**How to complete this task**
Each record that follows must be printed exactly as given.

**Excerpted data**
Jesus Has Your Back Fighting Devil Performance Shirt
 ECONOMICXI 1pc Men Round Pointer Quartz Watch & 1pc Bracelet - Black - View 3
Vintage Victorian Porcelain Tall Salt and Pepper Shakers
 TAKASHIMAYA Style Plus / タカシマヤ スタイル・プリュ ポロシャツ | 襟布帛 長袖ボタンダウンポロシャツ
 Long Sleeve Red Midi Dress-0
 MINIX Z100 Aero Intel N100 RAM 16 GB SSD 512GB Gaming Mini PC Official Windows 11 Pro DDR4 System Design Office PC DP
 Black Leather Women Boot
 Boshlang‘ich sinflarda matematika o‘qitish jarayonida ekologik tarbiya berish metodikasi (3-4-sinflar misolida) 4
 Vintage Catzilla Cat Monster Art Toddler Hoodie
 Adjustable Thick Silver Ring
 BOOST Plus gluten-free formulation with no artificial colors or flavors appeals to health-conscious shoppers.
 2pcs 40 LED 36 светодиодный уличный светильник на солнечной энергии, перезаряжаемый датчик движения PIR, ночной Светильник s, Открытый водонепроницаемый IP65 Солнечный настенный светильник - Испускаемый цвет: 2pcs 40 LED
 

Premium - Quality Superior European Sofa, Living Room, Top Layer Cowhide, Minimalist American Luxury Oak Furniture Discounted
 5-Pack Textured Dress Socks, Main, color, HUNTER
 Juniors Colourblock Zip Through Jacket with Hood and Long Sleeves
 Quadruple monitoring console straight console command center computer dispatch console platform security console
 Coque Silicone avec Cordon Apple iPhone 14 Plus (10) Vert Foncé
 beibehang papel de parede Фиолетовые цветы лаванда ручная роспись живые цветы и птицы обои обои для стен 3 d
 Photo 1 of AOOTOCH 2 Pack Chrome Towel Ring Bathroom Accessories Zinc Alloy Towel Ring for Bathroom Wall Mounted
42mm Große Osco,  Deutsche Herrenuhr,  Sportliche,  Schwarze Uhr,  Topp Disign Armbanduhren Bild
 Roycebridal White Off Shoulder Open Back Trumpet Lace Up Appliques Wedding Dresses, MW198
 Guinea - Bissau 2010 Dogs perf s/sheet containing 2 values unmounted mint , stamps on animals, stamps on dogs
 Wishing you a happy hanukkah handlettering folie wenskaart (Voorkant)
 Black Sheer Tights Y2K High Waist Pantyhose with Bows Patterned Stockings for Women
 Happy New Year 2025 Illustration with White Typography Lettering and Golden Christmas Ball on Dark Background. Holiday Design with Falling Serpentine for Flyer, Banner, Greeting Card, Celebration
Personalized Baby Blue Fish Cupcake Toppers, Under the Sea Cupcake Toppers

**Your response**
Jesus Has Your Back Fighting Devil Performance Shirt
 ECONOMICXI 1pc Men Round Pointer Quartz Watch & 1pc Bracelet - Black - View 3
Vintage Victorian Porcelain Tall Salt and Pepper Shakers
 TAKASHIMAYA Style Plus / タカシマヤ スタイル・プリュ ポロシャツ | 襟布帛 長袖ボタンダウンポロシャツ
 Long Sleeve Red Midi Dress-0
 MINIX Z100 Aero Intel N100 RAM 16 GB SSD 512GB Gaming Mini PC Official Windows 11 Pro DDR4 System Design Office PC DP
 Black Leather Women Boot
 Boshlang‘ich sinflarda matematika o‘qitish jarayonida ekologik tarbiya berish metodikasi (3-4-sinflar misolida) 4
 Vintage Catzilla Cat Monster Art Toddler Hoodie
 Adjustable Thick Silver Ring
 BOOST Plus gluten-free formulation with no artificial colors or flavors appeals to health-conscious shoppers.
 2pcs 40 LED 36 светодиодный уличный светильник на солнечной энергии, перезаряжаемый датчик движения PIR, ночной Светильник s, Открытый водонепроницаемый IP65 Солнечный настенный светильник - Испускаемый цвет: 2pcs 40 LED
 

Premium - Quality Superior European Sofa, Living Room, Top Layer Cowhide, Minimalist American Luxury Oak Furniture Discounted
 5-Pack Textured Dress Socks, Main, color, HUNTER
 Juniors Colourblock Zip Through Jacket with Hood and Long Sleeves
 Quadruple monitoring console straight console command center computer dispatch console platform security console
 Coque Silicone avec Cordon Apple iPhone 14 Plus (10) Vert Foncé
 beibehang papel de parede Фиолетовые цветы лаванда ручная роспись живые цветы и птицы обои обои для стен 3 d
 Photo 1 of AOOTOCH 2 Pack Chrome Towel Ring Bathroom Accessories Zinc Alloy Towel Ring for Bathroom Wall Mounted
42mm Große Osco,  Deutsche Herrenuhr,  Sportliche,  Schwarze Uhr,  Topp Disign Armbanduhren Bild
 Roycebridal White Off Shoulder Open Back Trumpet Lace Up Appliques Wedding Dresses, MW198
 Guinea - Bissau 2010 Dogs perf s/sheet containing 2 values unmounted mint , stamps on animals, stamps on dogs
 Wishing you a happy hanukkah handlettering folie wenskaart (Voorkant)
 Black Sheer Tights Y2K High Waist Pantyhose with Bows Patterned Stockings for Women
 Happy New Year 2025 Illustration with White Typography Lettering and Golden Christmas Ball on Dark Background. Holiday Design with Falling Serpentine for Flyer, Banner, Greeting Card, Celebration
Personalized Baby Blue Fish Cupcake Toppers, Under the Sea Cupcake Toppers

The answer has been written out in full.